UNCENSORED, UNADULTERATED, UNDENIABLE, UNPROTECTED

Not That There’s Anything Wrong With That

Arcee: “GAAAAYYY”

V: “I think you’re calling yourself homosexual”

Arcee: “I’m calling the picture homosexual”

V: “It’s a picture of you”

Freudian Bieber Slip

Arcee: “Dammit, now I got my Boyfriend stuck in my head.”

Women’s Studies

On getting girls in a Women’s Studies class:

Arcee: “If you wanna get a girl in a Women’s History class, raise your hand and ask the professor why it’s called ‘history’ instead of ‘herstory.” 

Motivation

Arcee: “That’s my motivation for getting at this girl, so T won’t call me gay anymore”

V: “Why do you need motivation to be straight?”

Arcee: “NOOOOOOOOOOOOOOOOOOOOOO”

Texts

Arcee: “Drake sounds hella gay here”

K: “Yeah, that’s like a guy texting me ‘sleep next to me Kevin’”

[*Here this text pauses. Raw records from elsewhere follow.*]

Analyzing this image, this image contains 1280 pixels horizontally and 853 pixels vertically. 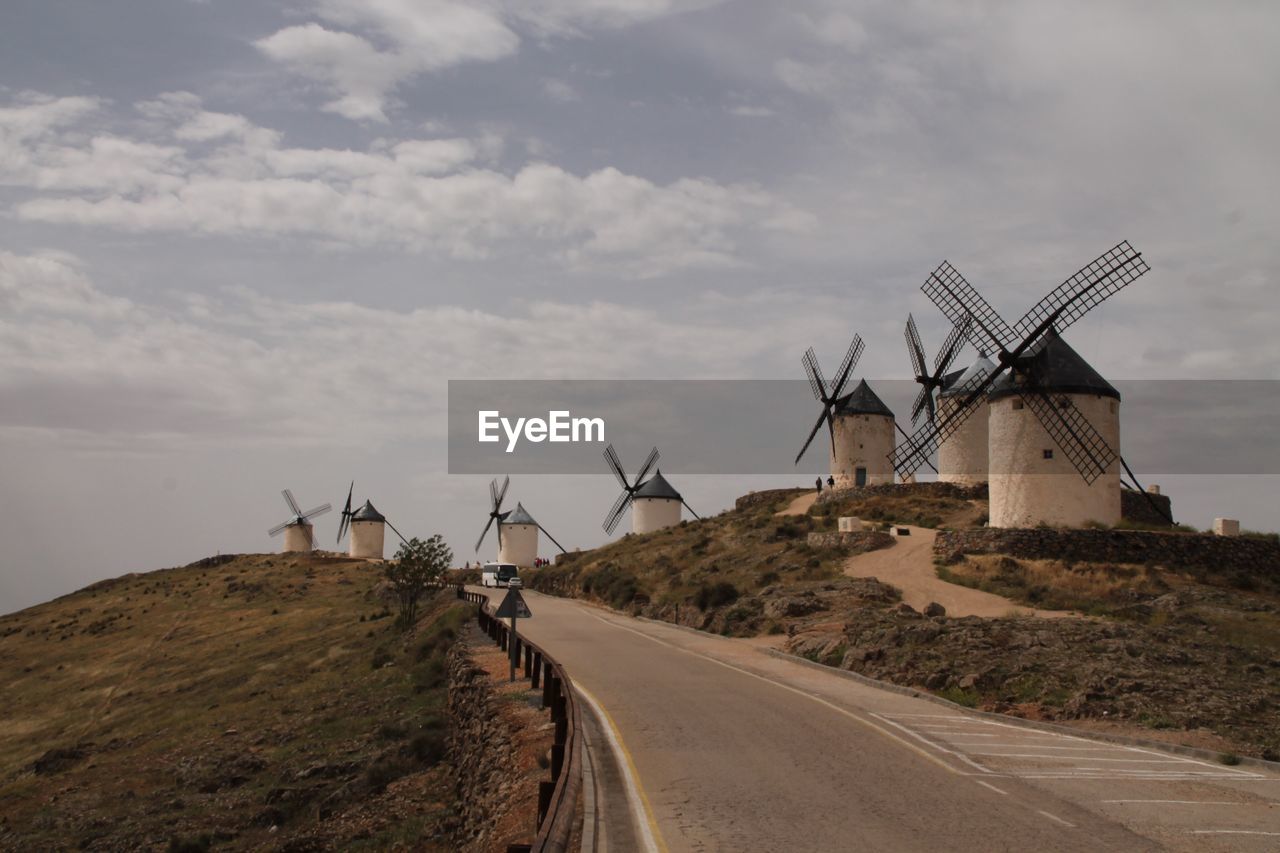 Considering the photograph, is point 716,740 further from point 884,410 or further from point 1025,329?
point 884,410

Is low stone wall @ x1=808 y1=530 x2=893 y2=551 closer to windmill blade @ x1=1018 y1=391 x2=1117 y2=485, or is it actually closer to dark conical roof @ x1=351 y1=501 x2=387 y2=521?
windmill blade @ x1=1018 y1=391 x2=1117 y2=485

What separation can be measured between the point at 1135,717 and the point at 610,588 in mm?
36473

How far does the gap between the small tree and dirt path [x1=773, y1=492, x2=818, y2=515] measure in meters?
23.0

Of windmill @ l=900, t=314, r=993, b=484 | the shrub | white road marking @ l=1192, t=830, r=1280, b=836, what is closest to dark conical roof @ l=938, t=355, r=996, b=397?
windmill @ l=900, t=314, r=993, b=484

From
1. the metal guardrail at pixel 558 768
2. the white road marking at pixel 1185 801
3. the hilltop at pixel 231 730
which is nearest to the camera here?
the metal guardrail at pixel 558 768

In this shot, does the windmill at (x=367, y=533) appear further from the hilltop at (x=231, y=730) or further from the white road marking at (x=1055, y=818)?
the white road marking at (x=1055, y=818)

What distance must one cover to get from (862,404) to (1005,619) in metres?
37.2

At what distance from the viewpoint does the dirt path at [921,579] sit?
35.1 m

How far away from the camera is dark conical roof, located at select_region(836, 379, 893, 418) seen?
216ft

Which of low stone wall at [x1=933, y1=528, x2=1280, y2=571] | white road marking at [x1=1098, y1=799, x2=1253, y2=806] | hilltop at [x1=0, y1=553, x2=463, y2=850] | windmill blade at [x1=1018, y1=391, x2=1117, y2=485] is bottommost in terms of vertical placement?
hilltop at [x1=0, y1=553, x2=463, y2=850]

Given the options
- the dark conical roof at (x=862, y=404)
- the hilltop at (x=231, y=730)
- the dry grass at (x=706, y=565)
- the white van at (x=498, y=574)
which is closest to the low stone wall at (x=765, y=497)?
the dry grass at (x=706, y=565)

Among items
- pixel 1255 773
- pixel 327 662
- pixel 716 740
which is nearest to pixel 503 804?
pixel 716 740

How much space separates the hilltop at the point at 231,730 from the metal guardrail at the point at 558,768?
9.82 ft

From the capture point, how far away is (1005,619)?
1171 inches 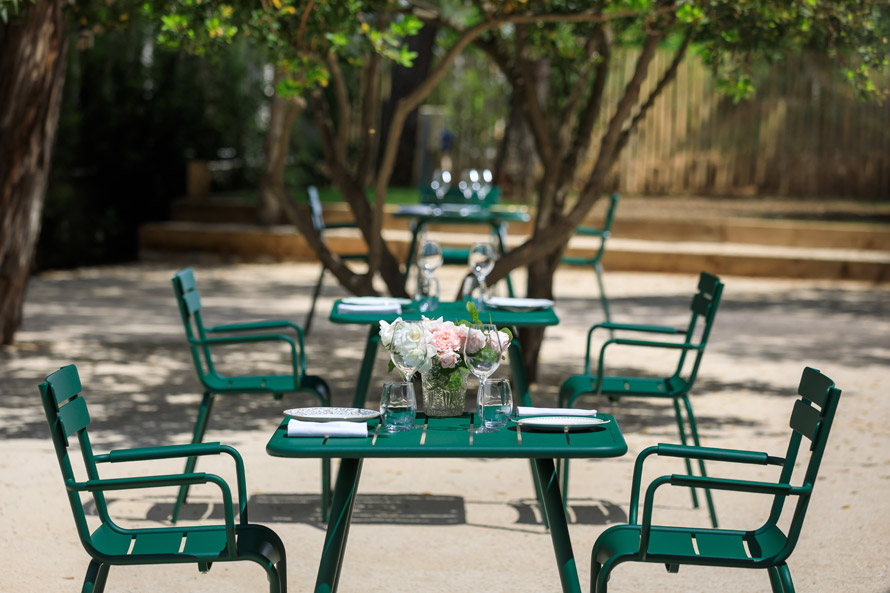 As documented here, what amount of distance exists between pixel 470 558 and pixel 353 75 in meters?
13.7

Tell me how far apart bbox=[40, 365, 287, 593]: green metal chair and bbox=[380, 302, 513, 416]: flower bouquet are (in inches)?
20.2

Arcee: “NO, WHAT I SAID WAS ‘come over and sleep here with me’, GET IT RIGHT”

Bukkake Part 2

K: “She thought bukkake was a type of cookie”

Arcee: “HAHAHAHA”

V: “It is a food though”

Arcee: “WHAT?!”

V: “Yeah it’s a food”

Arcee: “EWW” 

V: “Not like that”

Ditto

K: “Another stupid question would be: if you could have sex with any Pokemon, what would it be? And it can’t be Ditto”

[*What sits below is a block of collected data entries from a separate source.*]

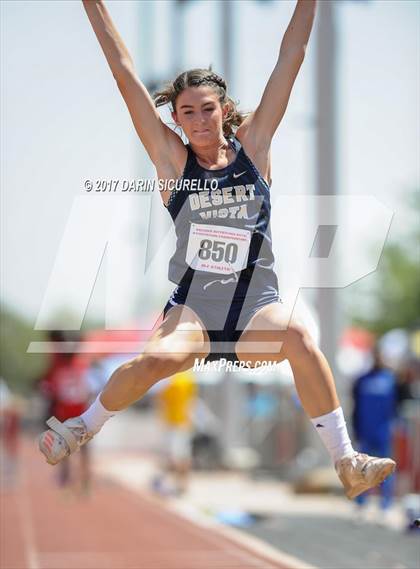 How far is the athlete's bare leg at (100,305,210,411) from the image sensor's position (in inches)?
209

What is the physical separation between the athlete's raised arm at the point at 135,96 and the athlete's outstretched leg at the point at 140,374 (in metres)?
0.72

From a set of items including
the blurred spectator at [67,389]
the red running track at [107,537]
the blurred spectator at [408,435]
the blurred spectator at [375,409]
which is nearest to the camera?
the red running track at [107,537]

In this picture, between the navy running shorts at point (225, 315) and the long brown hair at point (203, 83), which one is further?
the long brown hair at point (203, 83)

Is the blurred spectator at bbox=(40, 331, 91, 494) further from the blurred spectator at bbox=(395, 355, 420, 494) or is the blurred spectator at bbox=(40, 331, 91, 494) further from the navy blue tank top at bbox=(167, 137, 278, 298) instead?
the navy blue tank top at bbox=(167, 137, 278, 298)

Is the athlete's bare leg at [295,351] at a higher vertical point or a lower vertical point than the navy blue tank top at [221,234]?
lower

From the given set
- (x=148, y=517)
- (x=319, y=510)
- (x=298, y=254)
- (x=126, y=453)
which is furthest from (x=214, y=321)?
(x=126, y=453)

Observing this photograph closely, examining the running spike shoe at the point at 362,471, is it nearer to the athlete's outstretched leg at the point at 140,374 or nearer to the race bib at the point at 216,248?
the athlete's outstretched leg at the point at 140,374

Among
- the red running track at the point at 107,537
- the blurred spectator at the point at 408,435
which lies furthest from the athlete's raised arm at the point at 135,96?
the blurred spectator at the point at 408,435

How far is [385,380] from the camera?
43.7 ft

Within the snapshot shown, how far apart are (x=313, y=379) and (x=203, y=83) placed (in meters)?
1.42

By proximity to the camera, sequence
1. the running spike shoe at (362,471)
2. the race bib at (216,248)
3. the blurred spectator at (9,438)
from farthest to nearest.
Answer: the blurred spectator at (9,438) < the race bib at (216,248) < the running spike shoe at (362,471)

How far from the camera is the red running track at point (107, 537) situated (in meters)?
9.60

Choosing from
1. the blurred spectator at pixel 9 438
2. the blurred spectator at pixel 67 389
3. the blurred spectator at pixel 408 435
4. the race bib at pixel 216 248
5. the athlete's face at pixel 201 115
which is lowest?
the blurred spectator at pixel 9 438

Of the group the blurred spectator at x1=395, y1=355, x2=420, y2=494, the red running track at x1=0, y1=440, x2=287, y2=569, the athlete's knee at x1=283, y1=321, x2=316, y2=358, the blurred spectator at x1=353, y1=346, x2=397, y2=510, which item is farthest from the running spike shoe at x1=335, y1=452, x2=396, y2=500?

Arcee: “That would just be having sex with myself”

K: “Ditto doesn’t have to transform into you”

Pickup Lines

Arcee: “That dress looks becoming on you”

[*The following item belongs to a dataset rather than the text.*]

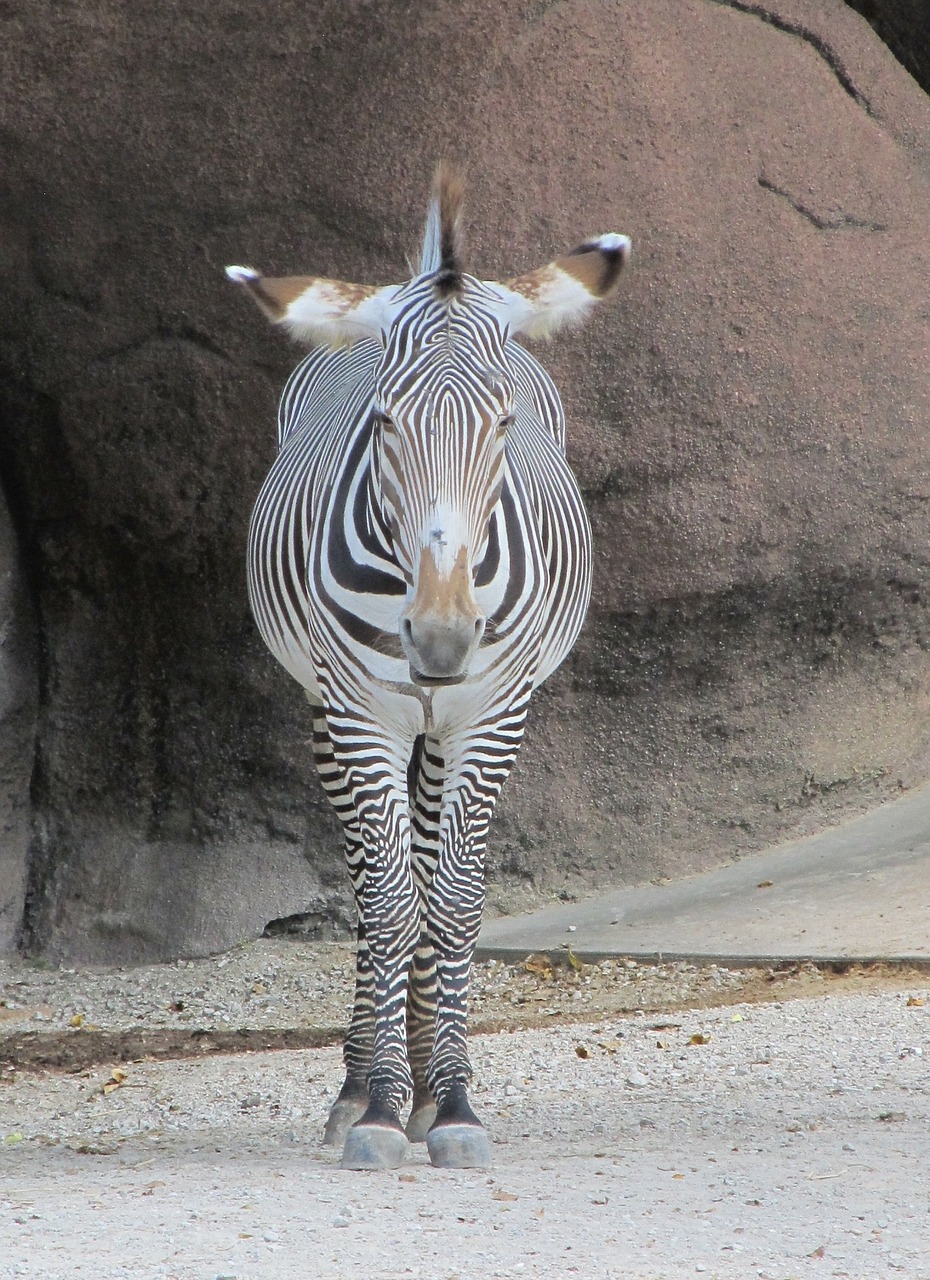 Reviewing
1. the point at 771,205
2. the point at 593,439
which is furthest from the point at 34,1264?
the point at 771,205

Arcee: “If I was on you, I’d be coming too”

Filipinos

Arcee: “Filipinos post the corniest shit on tumblr”

V: “Why’s it gotta be Filipinos?”

Arcee: “I don’t know, it must be in their blood or something” 

Bukkake

Arcee: “In high school I yelled out ‘bukkake’ in class and only one person laughed”

Arcee: “I told you, I went to a white school!”